Una ilusión que desaparece
Las situaciones, personas y acontecimientos que nos ocurren diariamente nos afectarán en la medida en que nos identifiquemos con ellas. La mayoría de los eventos que experimentamos no tienen un valor por sí mismo, sino que somos nosotros los que se lo damos a partir de lo que pensamos y de lo que creemos. El problema es que casi todo lo que pensamos lo hacemos de manera automática y la mayoría de nuestras creencias las tenemos por una suerte de adoctrinamiento, antes que de convencimiento. Abrevando, podríamos decir que nos identificamos con el mundo a partir de pensamientos automáticos y de ideas impuestas, y es debido a esta identificación involuntaria que sufrimos. ¿Cómo dejar de sufrir? Pensando por nosotros mismos y cambiando las creencias por experiencias.
La identificación con nuestro entorno determina la manera en la que nos concebimos a nosotros mismos. Generalmente, cada quien cree tener la razón y comprender el actuar de la realidad, pero esto no puede ser, pues si cada quien tuviera la razón con respecto a lo que la realidad es, la realidad no podría ser. Lo cierto es que nadie sabe verdaderamente nada de nada, ni de la realidad, ni de los demás, como tampoco de uno mismo, pues lo que creemos que somos no es lo que somos; cada quien se imagina a sí mismo mejor o peor de lo que en verdad es.
Lo que uno imagina de sí mismo está ligado a las ideas, y las ideas al pensamiento; un simple pensamiento basta para detonar sentimientos de alegría o dolor. Las imaginaciones, las ideas y los pensamientos por supuesto que pueden tener una manifestación tangible en la realidad que nos circunda, pero generalmente no serán diferentes a fantasmas con la capacidad de alterar nuestro comportamiento siempre en dirección a los polos del gozo y del sufrimiento. Es decir que, en la mayoría de los casos, lo que sentimos tiene su origen en algo que no existe: lo imaginado. En este sentido, somos ridículos, pues nos atormentamos y alegramos con ideas, nos identificamos con algo que solamente podemos ver nosotros mismos, no los demás.
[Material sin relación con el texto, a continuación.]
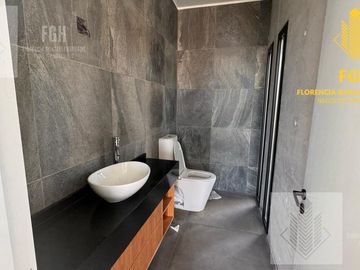 Casa Laguna en venta 6 amb con pileta en Naudir Escobar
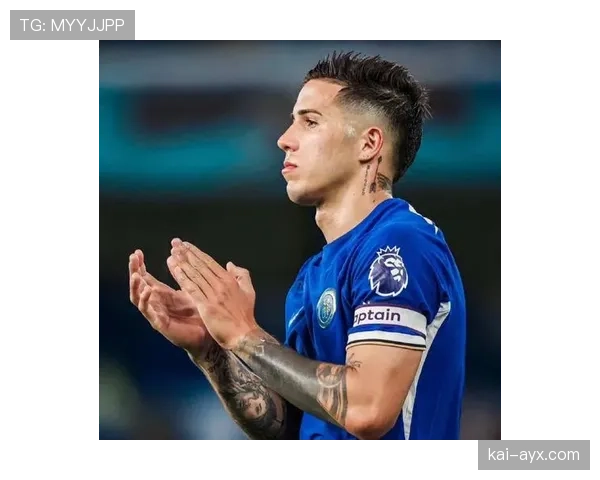 恩佐·费尔南德斯训练完直接钻进队友车里啃三明治，这哪像周薪20万镑的人？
La imagen que hacemos de nosotros mismos casi siempre es más grande, fuerte e importante que su original. Es un hecho innegable que si ahora mismo desapareciéramos el cosmos mantendría su orden, movimiento y sentido inalterables. Nos obstinamos en pensar que viviremos por siempre y que quienes amamos también lo harán, pero no somos más que un testimonio de la mortalidad de las formas vivas y de la caducidad de la existencia. Nada dura para siempre y la diferencia entre nosotros y los castillos de arena que los niños hacen en la playa es mínima. Llegará el día en el que la mar suba tanto, que nos llevará con ella de vuelta al origen.
Aceptar que todo tiene un fin y que la no identificación con lo que nos rodea garantiza la paz es lo que algunas corrientes espirituales llaman “desapego”. Específicamente en el budismo, el desapego es el esfuerzo que el individuo realiza para alcanzar la no identificación con las situaciones, las personas y los acontecimientos del diario vivir. Al no identificarnos con nuestro entorno tendremos la posibilidad de tener imaginaciones, ideas y pensamientos propios en lugar de heredados, pues habremos comprendido gracias a las ventajas que la experimentación ofrece.
La no identificación con la “realidad” es necesaria en tanto que la “realidad” que percibimos no es realmente la “realidad”, sino la máscara de una creencia a la vez impuesta y autoimpuesta. Lo que percibimos no es lo verdadero, eso es fácil de saber, mas no de corregir. El mundo que nos rodea fue creado por personas con poder político y económico y con intereses cuestionables, y por ello es que resulta fundamental cuestionarlo. No porque el mundo que creemos conocer haya estado ahí desde que nacimos, significa que es real. Y si nosotros somos una ilusión, en tanto que nos imaginamos de manera desproporcionada, no lo es menos la sociedad en la que estamos.